GIVEN MATERIAL:
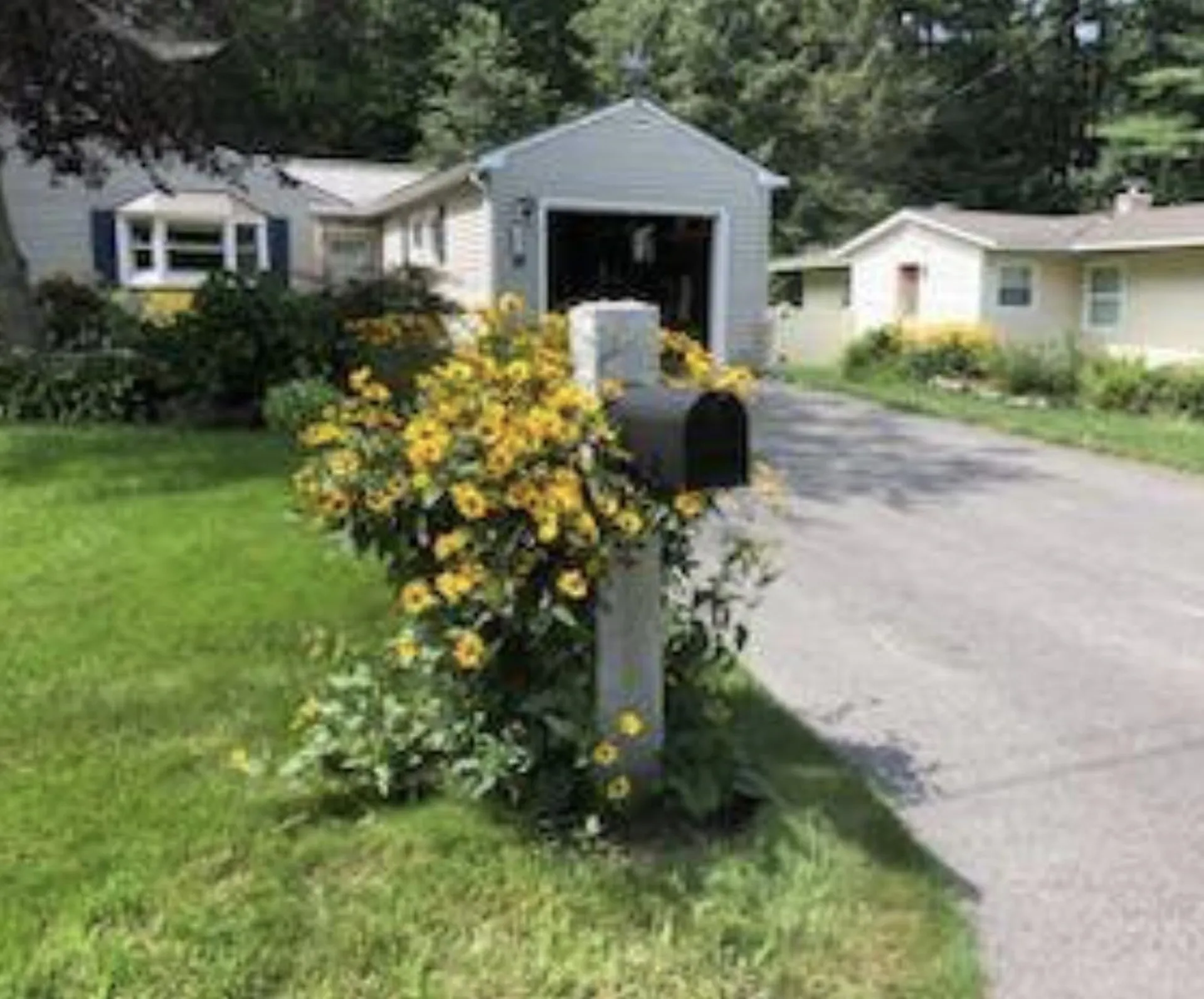 17 Rundlett Street Concord NH 03301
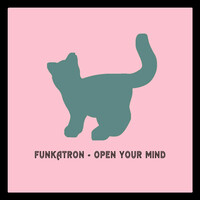 Thumbnail for the Funkatron - Open Your Mind link, provided by host site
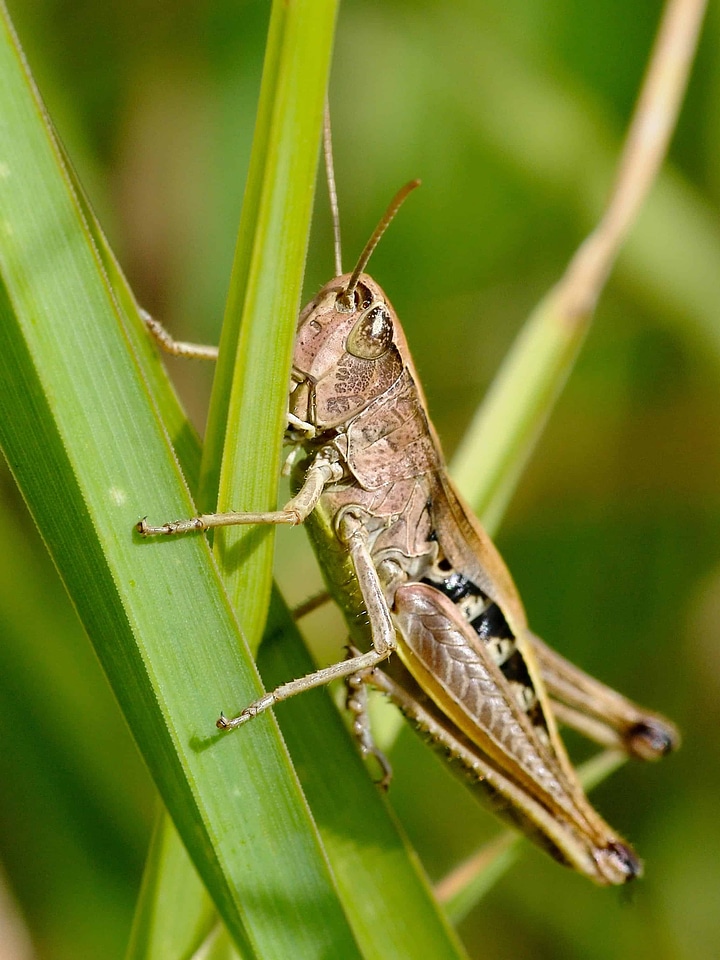 Animal arthropod bug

TASK INSTRUCTIONS: Please reproduce each line of the listing above exactly, skipping pictures.

ANSWER BOX:
 17 Rundlett Street Concord NH 03301
 Thumbnail for the Funkatron - Open Your Mind link, provided by host site
 Animal arthropod bug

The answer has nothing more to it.